Economy May 15, 2026 08:21 AM

Romania holds key rate at 6.5% as inflation stays in double digits

National Bank of Romania keeps EU-high benchmark unchanged and updates forecasts showing a Q2 inflation spike before a projected correction in Q3

By Caleb Monroe

The National Bank of Romania maintained its benchmark interest rate at 6.5%, the highest in the European Union, as the country confronts double-digit inflation and a worsening recession. The central bank adopted an updated inflation forecast that points to stronger-than-expected inflation in the second quarter - driven by fuel price rises and government policy changes - followed by a significant easing in the third quarter and a return to target range from July next year.

Romania holds key rate at 6.5% as inflation stays in double digits

Key Points

  • Policy rate unchanged at 6.5% - the highest in the EU; this level has been maintained for a year and a half.
  • Updated forecast shows inflation accelerating in Q2 due to higher fuel prices and government measures such as gas market liberalization and removal of price limits on basic food items.
  • Central bank expects a significant correction in inflation during Q3 and a return to the target range from July next year; sectors affected include banking, consumer goods, and energy markets.

The National Bank of Romania announced on Friday that it would keep its policy interest rate at 6.5%, a level it has held for a year and a half and the highest among European Union member states. The decision was in line with expectations from economists surveyed ahead of the meeting.


The central bank said it has sustained borrowing costs at this level while closely observing the effects of a weaker leu, which has faced pressure after capital outflows linked to renewed political instability.

Alongside the rate decision, the bank approved a revised inflation forecast. The updated projections signal stronger inflationary pressure in the second quarter than previously anticipated.
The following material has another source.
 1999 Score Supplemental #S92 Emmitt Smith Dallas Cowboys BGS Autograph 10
The central bank attributed the near-term acceleration to higher fuel costs and to government initiatives that include the liberalization of the gas market and the removal of price caps on basic food items.
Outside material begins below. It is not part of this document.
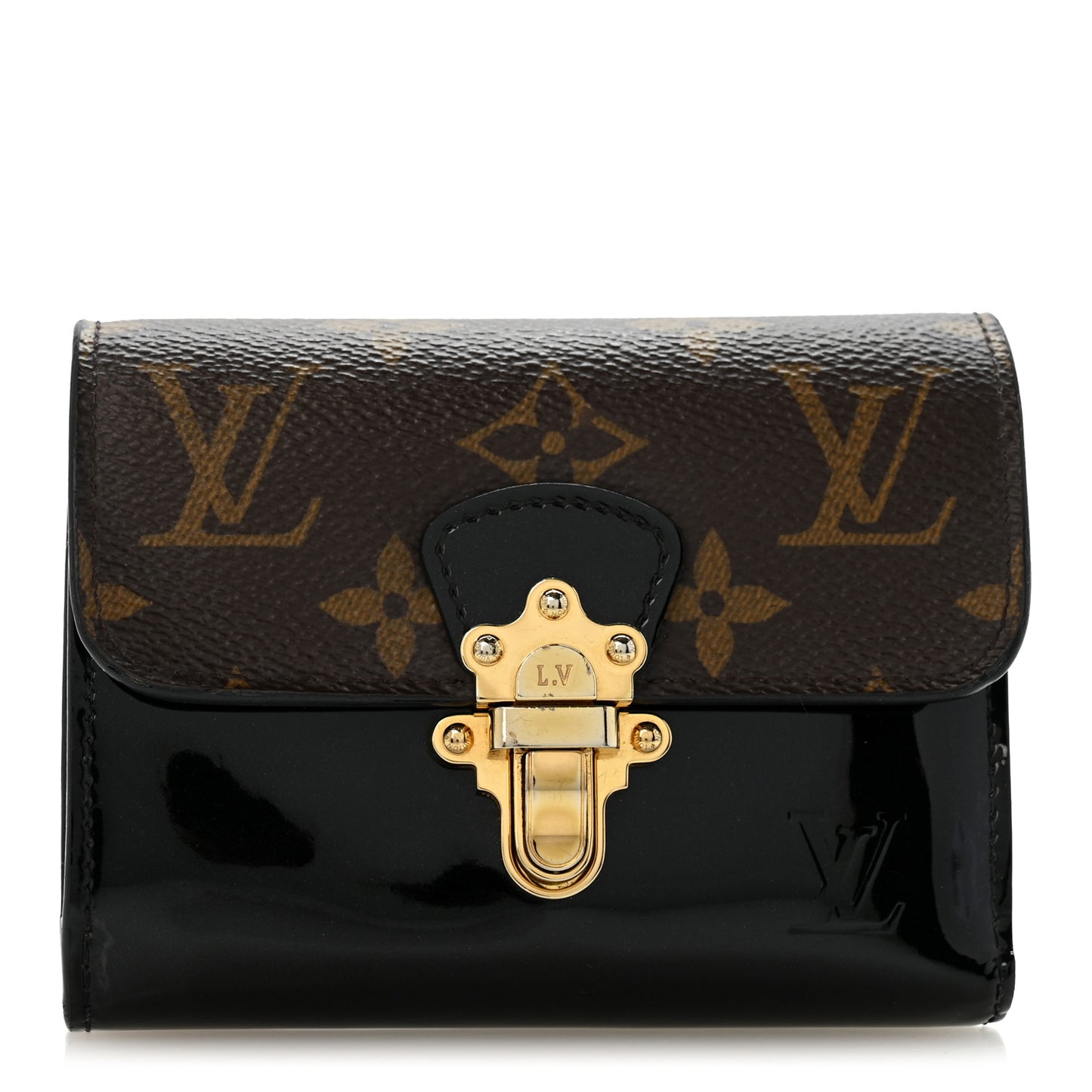 Patent Calfskin Monogram Cherrywood Compact Wallet Black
Despite the projected Q2 uptick, the bank expects a marked downward correction in inflation during the third quarter and anticipates that inflation will return to the target range beginning in July next year.

The central bank also flagged domestic political uncertainty as a material risk. "Heightened uncertainties are nevertheless associated, in the current domestic political environment, with potential future measures to continue budget consolidation beyond this year," the institution said in a statement.

Governor Mugur Isarescu is scheduled to present the newly adopted forecast on May 19. The presentation will provide further detail on the path the bank expects inflation and monetary policy to follow.


By holding the key rate steady, the central bank maintained an elevated borrowing cost backdrop as policymakers weigh inflation dynamics, currency movements, and the impact of recent government policy changes. The decision was unanimous with market expectations and comes amid a broader economic context the bank described as including double-digit inflation and a deepening recession.

Further commentary and the full set of projections will be available with the governor's presentation next week.

Risks

  • Political instability has prompted capital outflows and a weaker currency, which could complicate monetary policy and affect financial markets - impacting banks and currency-sensitive sectors.
  • Near-term inflation upside driven by higher fuel costs and government changes to gas and food pricing could pressure consumer spending and input costs for businesses.
  • Uncertainty over potential future fiscal consolidation measures in the current domestic political environment could influence market sentiment and government finances.